According to Official Documentation about Watson Discovery, the passages are generated by sophisticated Watson algorithms to determine the best passages of text from all of the documents returned by the query.

I think maybe you can use the highlight parameter, highlight: A boolean that specifies whether the returned output includes a highlight object in which the keys are field names and the values are arrays that contain segments of query-matching text highlighted by the HTML * tag.

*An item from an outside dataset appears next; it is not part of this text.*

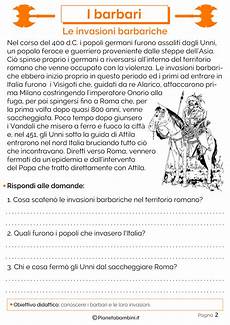 test ingresso italiano prima media i barbari schede didattiche per la scuola primaria test ingresso italiano prima media i barbari schede didattiche per la scuola primaria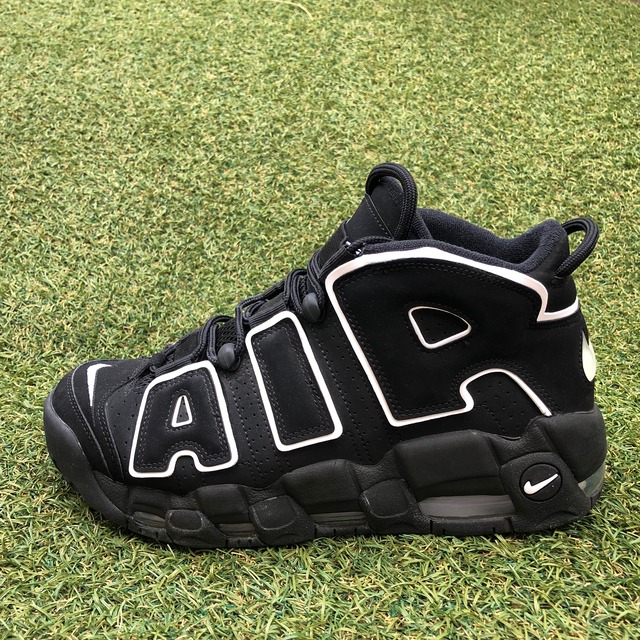 NIKE AIR MORE UP TEMPO ナイキ エアモアアップテンポ S100 | reshoe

Or the top_hits parameter: Returns the documents ranked by the score of the query or enrichment. Can be used with any query parameter or aggregation. This example returns the 10 top hits for a term aggregation.

  • Check the list inside the Query Building reference about queries with Discovery.
  • Check these: article 1, article 2 using Watson Discovery with more examples.
  • Playlist by IBM using Watson Discovery.
0
Will Chaparro On

The passages score and the document score is not a confidence score, nor is it a normalized score. Its a score that is calculated based on the query and how "good" the documents are related to the query that the user submitted.

It would not be correct to compare scores between multiple different queries, and normalization, while it can be done, is not appropriate to do so with the score we generate. You could attempt to normalize the scores, but any normalization factor you come up with will be thrown off if you add or delete documents from your index.

The score calculation is completely dependent upon the documents and the relevance of those documents to the specific query. In other words, its calculated based on term frequencies (how often the word appears) in the documents, as well as some other sophisticated algorithm adjustments made to the score. It is a score that is specific to the query, and is calculated using an algorithm that is trying to predict the "likelihood" that the document is most relevant to the query. Its not a normalized score.

I would instead recommend using top n documents as a more reasonable threshold, where n is the max number of documents you return to the user. Passages uses additional algorithms that are also focused on generating the best passages for that particular query. The score is again, calculated specific to the query.

There are plans to improve scores in the future for re-ranked documents.